PSK has agreed to share a copy of the book with one lucky winner. All you have to do to get in the running is to leave a comment. Reblog, tweet, or talk about it on Facebook with a link and you will get additional chances to win. Just let me know the other things you do to share the good news, so I can put in the right amount of tickets in my basket for you.

Sharing on Facebook, Twitter, reblogging really helps spread the word for a new book. Thanks for helping Catherine!

BOOK DESCRIPTION:

Frannie loves to have an audience. Pepper prefers to perform when no one is around. Pepper and Frannie are best friends, and they both love a good show.

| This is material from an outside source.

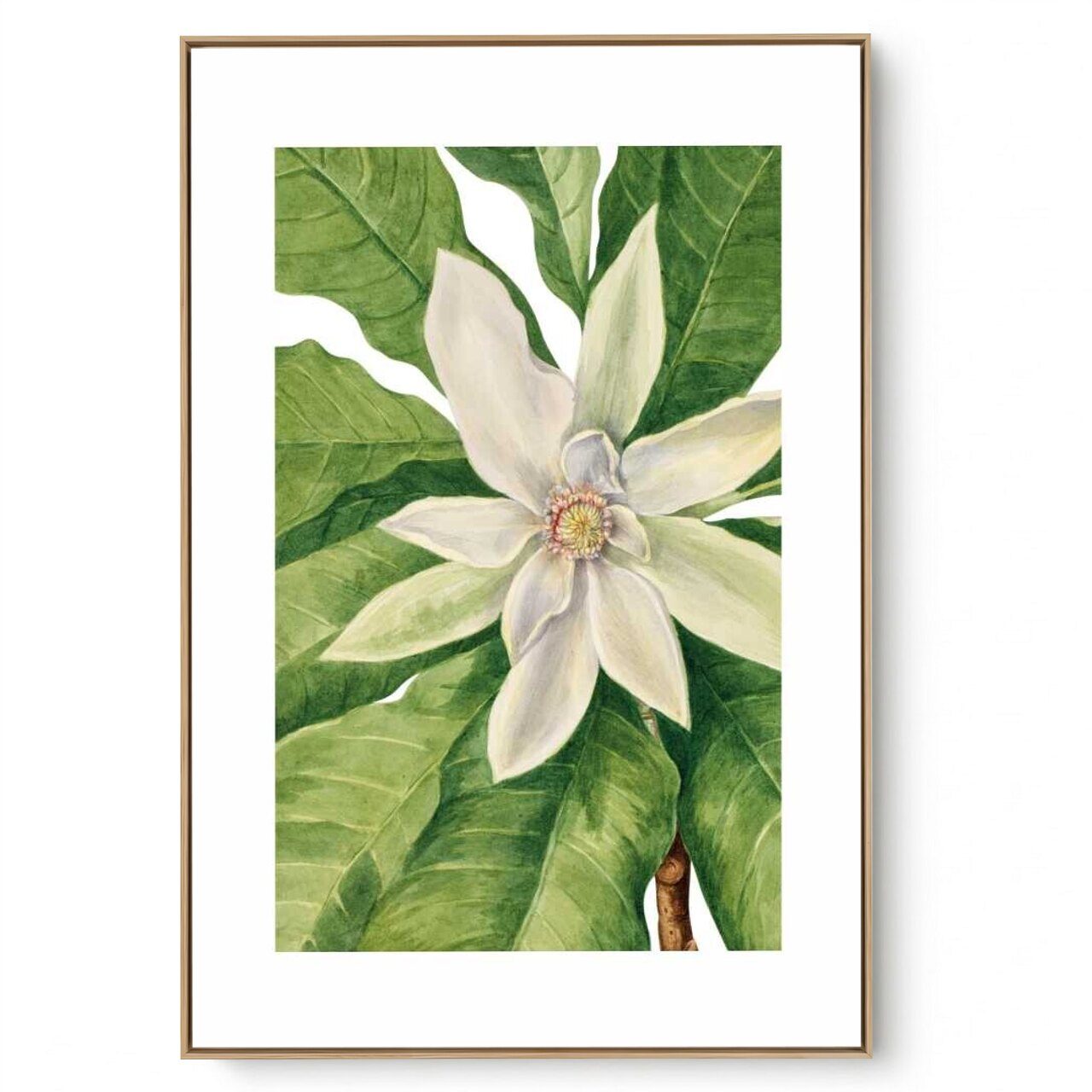 Quadro Decorativo Flores Brasileiras II
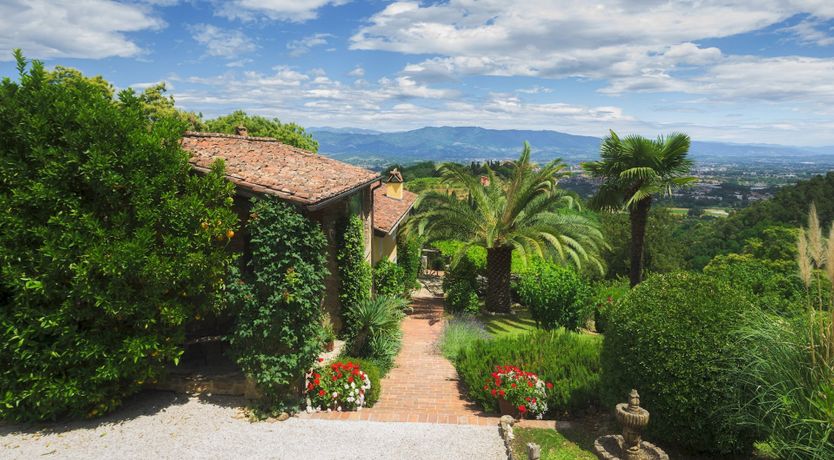 Photo of Chestnut Charm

When they decide to stage a performance themselves, Pepper is content to work behind the scenes as Frannie prepares an epic, extravagant spectacle: it will have lights, and action, and drama! She’s just forgetting one thing…to practice her song. When Frannie’s lack of preparation leaves her stuck in front of a crowd, can anything save her act? Luckily Pepper knows just how to help. The show must go on!

Utterly charming, energetic illustrations and simple, funny text highlight the power of celebrating each other’s strengths and working as a team in this return of the lovable pair.

BOOK JOURNEY:

This is the second book for Pepper and Frannie, so I supposed I’ll start with a quick recap of that journey. My second time attending an SCBWI conference in NY, I put my portfolio in the illustrator’s showcase. I also put my portfolio in the showcase the first conference I went to, but not a single person took my card. (Yes, I counted my cards before and after. Yes, it was a bummer.) But the second time I got an email from the (now former) editor at Page Street that very evening, asking if I had a story for one of my images. I did not! But I knew I could write one and said I would send her a couple ideas soon. We kept in touch until I finally managed to write a text she was excited about, and we signed my first contract as an author and illustrator about six months after that first email.

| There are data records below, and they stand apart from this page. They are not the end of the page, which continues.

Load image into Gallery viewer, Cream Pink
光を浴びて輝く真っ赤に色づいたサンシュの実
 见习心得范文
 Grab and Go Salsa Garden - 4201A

It was about a year later that I handed in final versions of the text and artwork for the first book. There was a lot of back and forth and I’ll even admit to a lot of hand holding in the process. I went astray a few times, unable to see a clear arc, and explored a lot of different directions before finally landing on a skate story. Looking back, I think it should have been obvious, not only because skating is one of my passions, but I already had images of bunnies skating and adventuring in the mountains. But hey, sometimes we have to go all the way around and back again to see what was already there.

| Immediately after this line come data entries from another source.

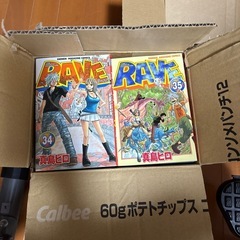 RAVE 全巻
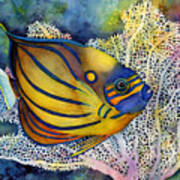 Blue Ring Angelfish Art Print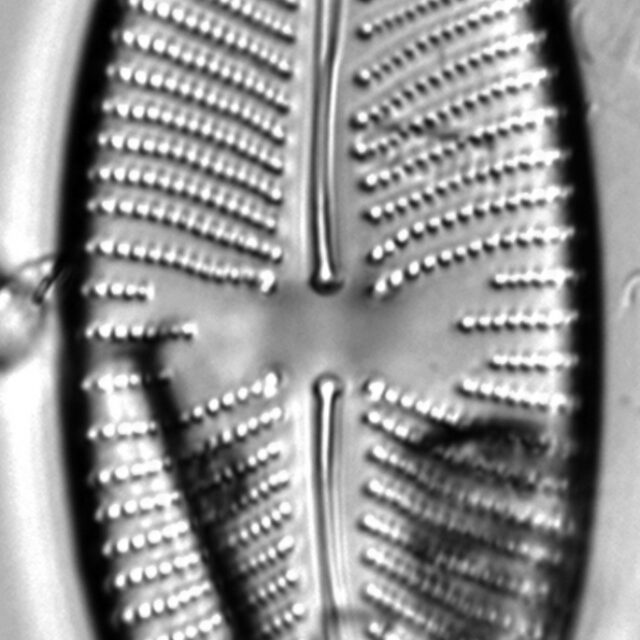 Placoneis amphibola LM4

Skipping ahead to the second book. There was an option clause in my first contract, so either way I was going to share my next story with them, and the same editor reached out to ask if I had another story idea for Pepper and Frannie. Because of the long exploration time in making the first book, I had a few ideas on the back burner. I put together a couple rough outlines and sketches and sent them over. They were most excited about the performance idea, and I was excited to show another form of creative collaboration between friends…so that was the seed for It’s Showtime! I knew I wanted it to be musical, and I already knew their personalities very well by this point, so it was mostly about asking questions. What would happen if there were a talent show? Frannie would be excited to perform. Pepper would not. Would Pepper help in any way? Probably, but only if Frannie needed and wanted her to help, and she would NOT want to be on stage.

You get the idea. Ask a question, answer it based on what you know, ask another question, then start to carve out a story. That’s how I tend to write stories now. I have an idea for a character first, then I put the character in a setting and start asking questions. Why are they there? What are they doing? How do they feel about this situation? What happens next?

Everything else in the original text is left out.